Come riconoscere un riccio in difficoltà

Un riccio che pesa indicativamente sotto i 300 grammi a ottobre, 400 grammi a novembre e 500 grammi a dicembre deve essere raccolto e portato a un centro di recupero

Un riccio trovato a vagare di giorno è sempre da recuperare e soccorrere (è un animale notturno e se si trova in giro nelle ore diurne è perché non sta bene)

I ricci trovati a bordo strada, se feriti (controllare se si appallottola, se perde sangue dal naso o ha perdite ematiche sul corpo) sono da portare immediatamente a un centro di recupero: hanno bisogno di un soccorso immediato

Il ruolo del riscaldamento globale

Secondo i dati dell’organizzazione meteorologica mondiale (Wmo) il 2021 è stato uno dei sette anni più caldi mai registrati ed il settimo anno consecutivo (2015-2021) in cui la temperatura globale è stata mediamente superiore di oltre 1 grado centigrado in confronto ai livelli preindustriali.

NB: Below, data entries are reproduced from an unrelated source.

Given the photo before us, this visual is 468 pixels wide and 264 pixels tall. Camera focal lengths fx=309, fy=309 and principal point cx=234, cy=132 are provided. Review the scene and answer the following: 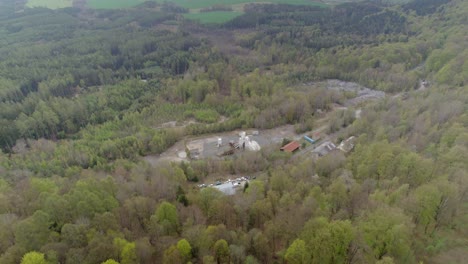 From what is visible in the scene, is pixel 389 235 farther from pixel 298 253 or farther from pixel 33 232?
pixel 33 232

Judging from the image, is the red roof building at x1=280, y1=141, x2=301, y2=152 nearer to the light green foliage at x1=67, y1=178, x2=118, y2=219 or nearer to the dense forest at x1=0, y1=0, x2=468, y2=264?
the dense forest at x1=0, y1=0, x2=468, y2=264

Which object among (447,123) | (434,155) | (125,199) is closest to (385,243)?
(434,155)

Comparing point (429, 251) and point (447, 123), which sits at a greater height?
point (447, 123)

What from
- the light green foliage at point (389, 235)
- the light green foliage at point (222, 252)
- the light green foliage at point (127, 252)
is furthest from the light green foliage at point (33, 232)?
the light green foliage at point (389, 235)

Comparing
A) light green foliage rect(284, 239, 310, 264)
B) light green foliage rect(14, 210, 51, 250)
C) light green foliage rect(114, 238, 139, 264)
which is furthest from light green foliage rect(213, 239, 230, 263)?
light green foliage rect(14, 210, 51, 250)

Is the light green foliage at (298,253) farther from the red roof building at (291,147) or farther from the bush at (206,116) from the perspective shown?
the bush at (206,116)

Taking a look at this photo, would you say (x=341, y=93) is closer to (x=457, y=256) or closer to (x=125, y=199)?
(x=457, y=256) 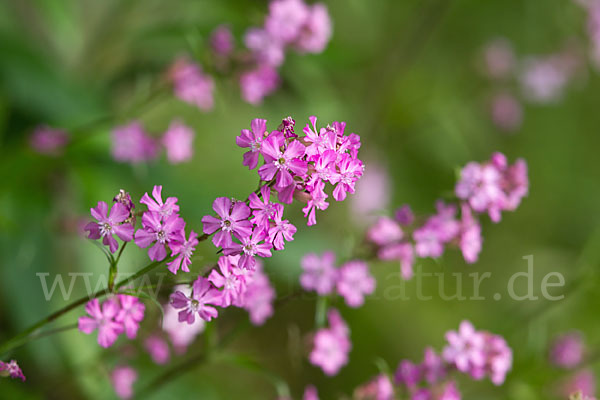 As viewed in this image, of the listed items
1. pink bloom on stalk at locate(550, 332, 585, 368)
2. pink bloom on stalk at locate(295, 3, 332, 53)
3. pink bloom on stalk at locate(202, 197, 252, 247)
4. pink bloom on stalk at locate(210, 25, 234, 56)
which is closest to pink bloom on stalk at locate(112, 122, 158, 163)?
pink bloom on stalk at locate(210, 25, 234, 56)

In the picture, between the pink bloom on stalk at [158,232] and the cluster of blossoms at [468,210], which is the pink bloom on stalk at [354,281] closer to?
the cluster of blossoms at [468,210]

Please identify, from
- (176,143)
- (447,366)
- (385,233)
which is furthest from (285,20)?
(447,366)

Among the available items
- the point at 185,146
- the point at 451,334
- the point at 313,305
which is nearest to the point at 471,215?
the point at 451,334

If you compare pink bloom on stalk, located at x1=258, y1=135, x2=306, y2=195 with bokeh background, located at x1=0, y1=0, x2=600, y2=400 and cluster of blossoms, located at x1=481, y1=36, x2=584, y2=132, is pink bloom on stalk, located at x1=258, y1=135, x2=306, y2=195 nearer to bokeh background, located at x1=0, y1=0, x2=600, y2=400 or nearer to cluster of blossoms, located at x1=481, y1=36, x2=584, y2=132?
bokeh background, located at x1=0, y1=0, x2=600, y2=400

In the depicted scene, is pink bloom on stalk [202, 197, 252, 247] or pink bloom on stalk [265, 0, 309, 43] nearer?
pink bloom on stalk [202, 197, 252, 247]

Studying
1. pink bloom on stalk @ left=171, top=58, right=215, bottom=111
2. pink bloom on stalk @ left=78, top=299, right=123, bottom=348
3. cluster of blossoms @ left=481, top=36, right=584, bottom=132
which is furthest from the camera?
cluster of blossoms @ left=481, top=36, right=584, bottom=132

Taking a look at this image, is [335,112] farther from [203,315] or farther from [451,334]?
[203,315]

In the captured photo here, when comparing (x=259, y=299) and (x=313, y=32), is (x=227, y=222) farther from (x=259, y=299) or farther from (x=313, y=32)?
(x=313, y=32) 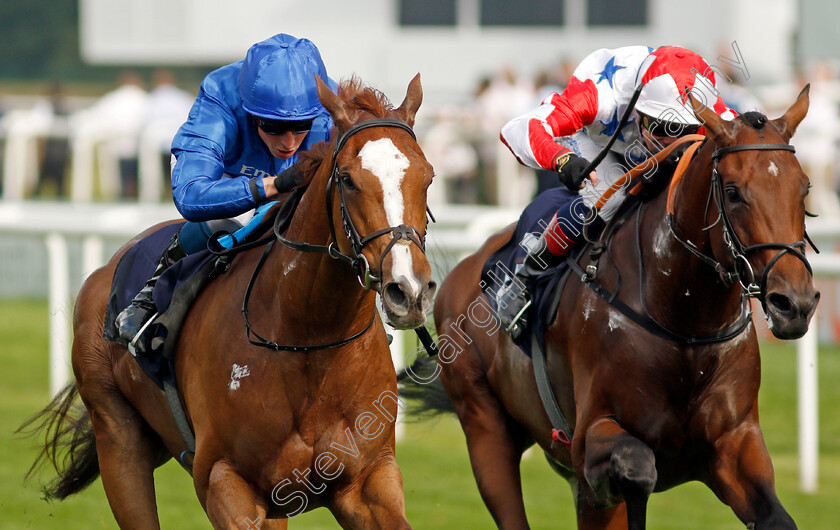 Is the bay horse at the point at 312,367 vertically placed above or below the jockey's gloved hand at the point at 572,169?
below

La scienza prevede che, se andremo avanti di questo passo, nell’arco di questo secolo le temperature potrebbero aumentare di 4-6 gradi causando una tremenda devastazione dell’ambiente in cui viviamo. Per far capire l’entità del problema, basti pensare che i cambiamenti che stiamo vivendo ora sono la conseguenza dell’aumento di un solo grado in 30 anni. I più giovani non hanno conosciuto gli inverni di una quarantina di anni fa: freddi e rigidi, con precipitazioni nevose copiose, candelotti di ghiaccio ad ornare il bordo dei tetti e temperature che scendevano spesso abbondantemente sotto lo zero. Questo era un bene per noi e per l’agricoltura, perché il manto nevoso proteggeva la vegetazione e le colture dal freddo e le manteneva umide e sane.